People have been telling me for years I need to not work so hard. I guess working 10 hours plus a day, 7 days a week for 6 years with no vacations may be a bit much, for sure. But when it comes to making your living as an artist, you need to work harder, longer to make a successful go of it. If you’re really lucky, you have a partner with a normal job, and can not work yourself to a frazzled nubbin.
This year was my breaking point. My poor old body has begun to break down. The mind is still willing to do it but my body says “give me a break”. For the first time I’m backing out of a show. Just can’t muster up the strength to do it. I feel like a piker, but I’m 58 years old, dammit, and I just don’t have the energy and physical capabilities I used to have.
My goal now is to get my health back on track. What is the point of vocationally doing what you want with your life, if you can’t do anything enjoyable after your work day is finished? I need to find a way to work smarter. Of course this is the quest of most working artists…people want art in their lives, but unfortunately the days when the public bought art and fine craft at a riotously brisk rate are long gone. It gets harder and harder to make ends meet. And if you don’t work very very hard to produce a lot of stuff you don’t wind up with a successful year.
Lastly, I would like to give public thanks to my partner, Richard Aerni. He consistently pats me on the head when I do well, and pats me on the back when I don’t. He cooks healthy meals for me, and rubs my sore back at the end of a long day. He give me advice about how to improve my glazes, how to market my work, and yes, tells me not to work so hard (funny words coming from the hardest working person I know). He handles my various and sundry quirks with aplomb, gets me settled down when I’m in an uproar, and is basically the best friend I’ve ever had. He’s a good man.

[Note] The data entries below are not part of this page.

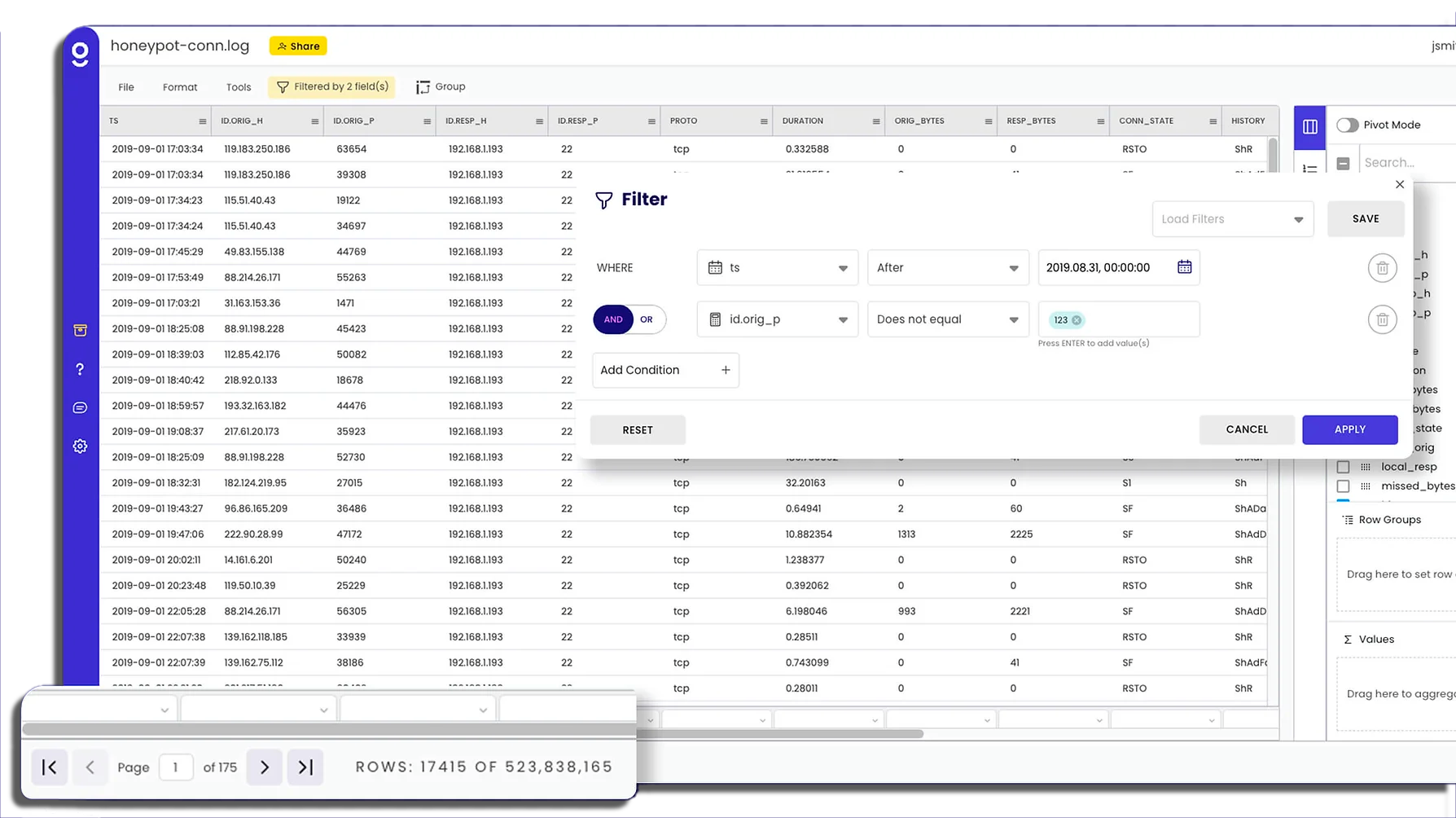 screenshot of Gigasheet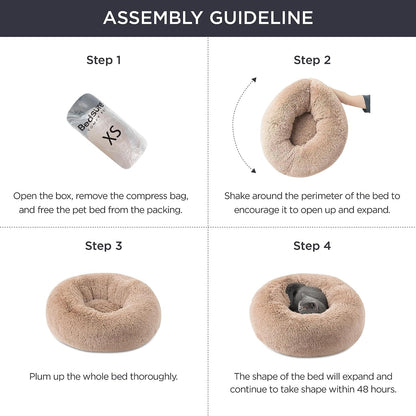 Bedsure Calming Dog Bed Medium Size Dog - Donut Washable Medium Pet Bed, 30 inches Anti-Slip Round Fluffy Plush Faux Fur Cat Bed, Fits up to 45 lbs Pets, Camel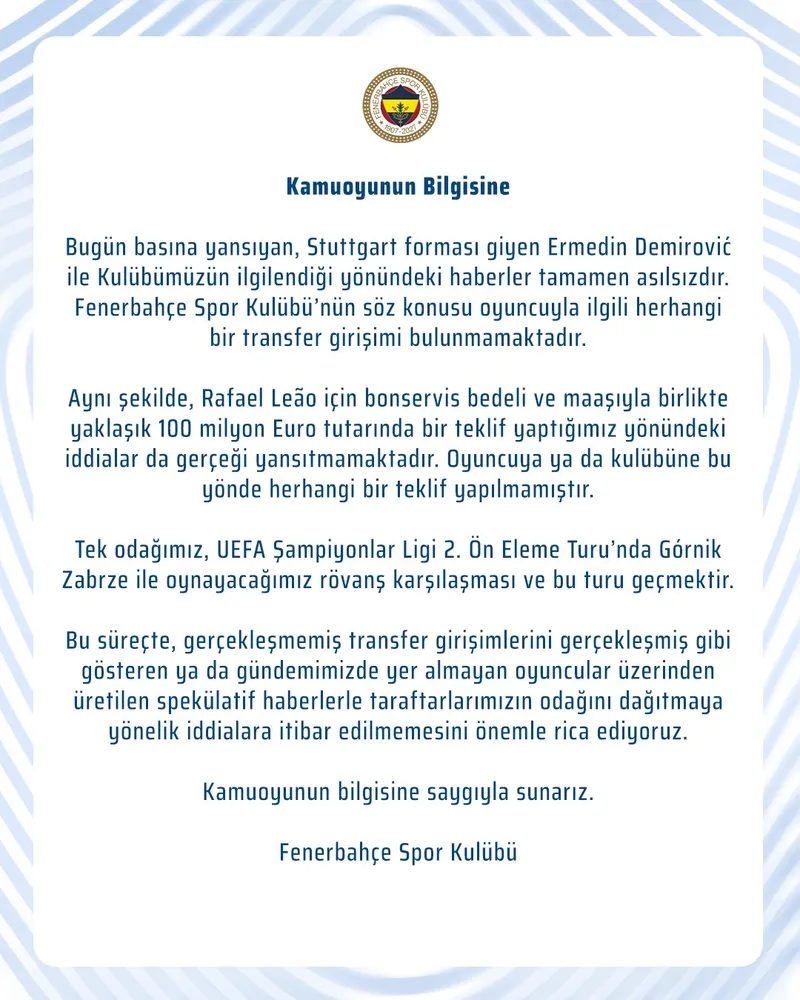 Fenerbahçe'den transfer açıklaması! Leao ve Demirovic... 2 fenerbahceden transfer aciklamasi leao ve demirovic 0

This year is almost at a close, and I need to start planning for the next years show season. I will try to do it in a way that will provide some recovery time. For all of you working artists out there who walk the same road: Kudos to you all! We all work extremely hard for not much return because we are compelled to do what we do. I have enormous admiration for you all, and hope you are managing to take the time to smell the roses. I know I’m going to try to do the same.